» Materials provided:
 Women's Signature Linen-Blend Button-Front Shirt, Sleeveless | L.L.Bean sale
* * *
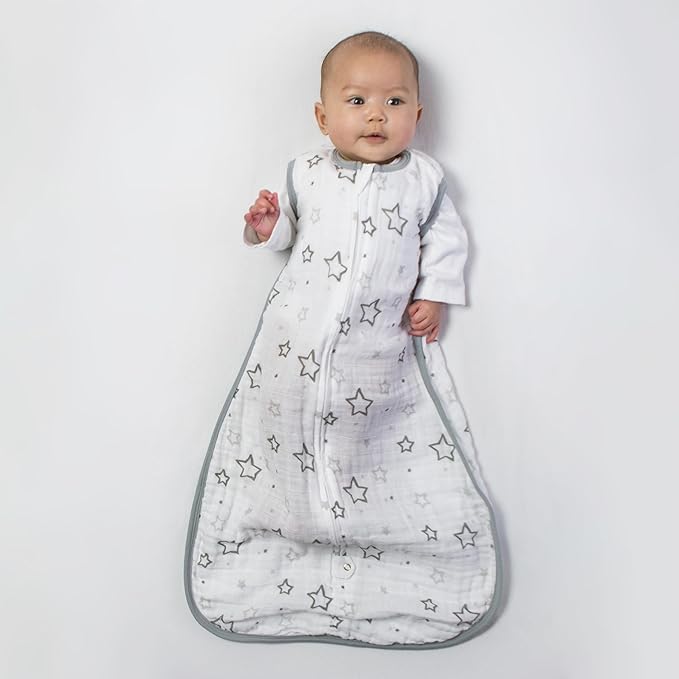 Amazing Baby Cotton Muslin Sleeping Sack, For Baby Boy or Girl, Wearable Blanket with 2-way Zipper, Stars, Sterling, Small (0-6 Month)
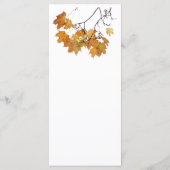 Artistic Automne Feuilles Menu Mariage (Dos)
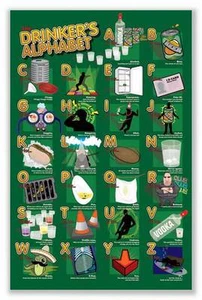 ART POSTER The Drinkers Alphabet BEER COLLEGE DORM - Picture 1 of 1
---
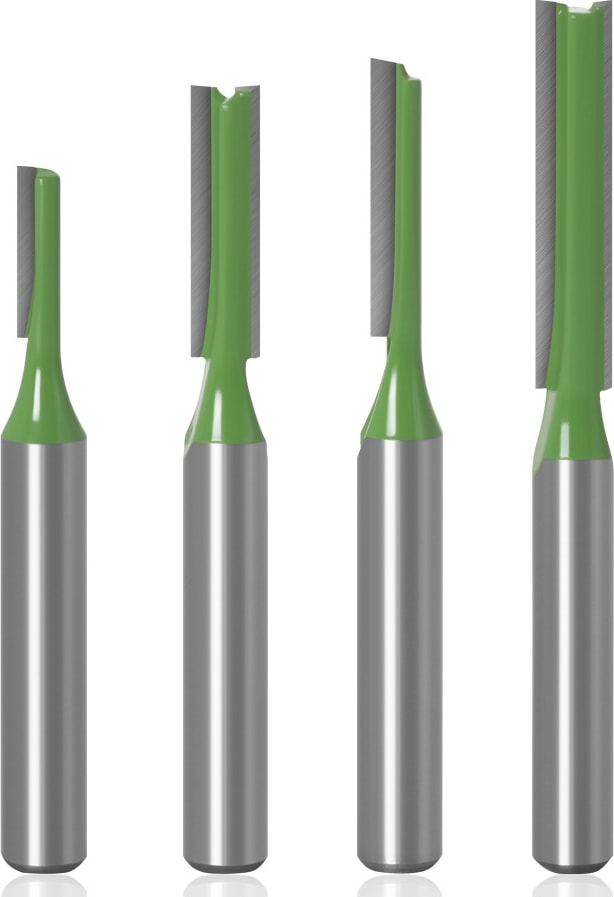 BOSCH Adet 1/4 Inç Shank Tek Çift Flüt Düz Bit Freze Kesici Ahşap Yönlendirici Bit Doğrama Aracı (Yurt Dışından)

» Task instructions: For this exercise, return exactly the lines above from the line with "Amazing Baby Cotton" through the line with "ART POSTER The", both included. Do not copy the pictures.

» Reply:
 Amazing Baby Cotton Muslin Sleeping Sack, For Baby Boy or Girl, Wearable Blanket with 2-way Zipper, Stars, Sterling, Small (0-6 Month)
 Artistic Automne Feuilles Menu Mariage (Dos)
 ART POSTER The Drinkers Alphabet BEER COLLEGE DORM - Picture 1 of 1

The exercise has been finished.